The late Ken Weyaus wrote this for the Moccasin Telegraph series published in the Mille Lacs Messenger. It is reprinted to help pass on his teachings.

I live right here on the Mille Lacs Reservation. I’ve been here mostly all my life. I lived off the reservation for about 10 years, in Minneapolis. Back in the 1970s, there were hardly any jobs around here, so when I was 30, I went to the Cities to find employment. In Minneapolis, I became an apprentice and then a full- fledged carpenter. But I got tired of the rat race! I got tired of fighting the traffic. It’s a lot more peaceful out here.

Then in the ’80s, there were more jobs in this area, more opportunities. So I moved back to the reservation and started working for the Band. And I’ve been here ever since.

I did a lot of carpentry at first, building houses mainly for the Band. After that, in the summer of ’87, I applied at the Mille Lacs Indian Museum and worked there all the way to 2003, when I retired. I’ve been retired for four years now. But not really, because I work helping the other veterans, and we’re always busy.

Today, living on the reservation is almost the same as living anywhere else. We’ve got sewers, paved roads, our own schools, law enforcement, our own water tower. It’s like any other town – we’re finally catching up with the rest of the world.

That’s a lot different from what I remember growing up. Back then, nobody on the reservation had a new car, just old ones. Because if you were going down the road, you would lose your muffler – the roads were all made of mud. It wasn’t worth buying a new car.

People would ask, “Do you have running water?” Yup! We used to have a pump that we had to run back and forth to in order to fetch water. That was our “running” water.

There used to be a three-room schoolhouse; that’s where I went to school. Before that, there was a two-room school, and my brother went there. It was all Indian kids, but the teachers were non-Indians then.

Before then, even longer ago, I know our people in East Lake and Lake Lena used to have powwows together, even though it probably took a couple days to travel. They had horses and wagons, and everybody would get together and ride that wagon to Lake Lena for the powwow. Back then, they used to get together for about a month – no overnight or weekend trips.

Today, museum visitors’ jaws drop when they realize how rough it was back then. The way some people look at it today, it was hard living.

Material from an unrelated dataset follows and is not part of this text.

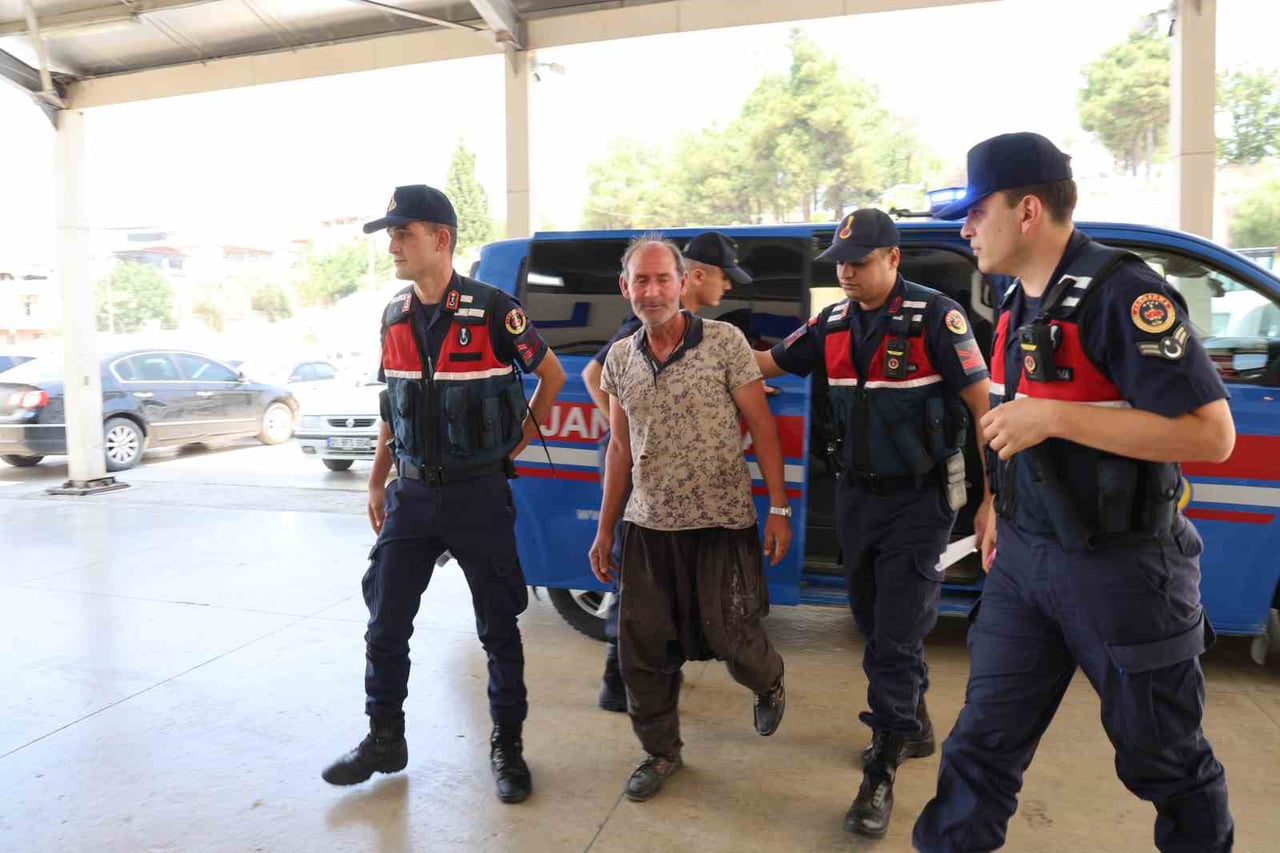 ADANA'NIN KOZAN İLÇESİNDE 2 GÜNDÜR KAYIP OLAN İŞİTME VE ZİHİNSEL ENGELLİ ŞAHIS, EVİNDEN YAKLAŞIK...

But that was just the life. You had to get the maple sap and let it boil down eight hours. You had to wash clothes by hand. When our grandparents lived here, everything they needed was here. They had sap, fish, deer, the wildlife, all the natural things they needed to live off the land. A lot of stuff is easier today, but you still need eight hours to boil down the sap.

The reservation exists not just as a community but also as a part of history. This is home to me. It’s home to Band members even if they leave here. If they move to California, they still say, “My home is in Minnesota.” That’s why it’s important not just for us, but for our kids growing up even 100 years from now, to say this is our home, our reservation.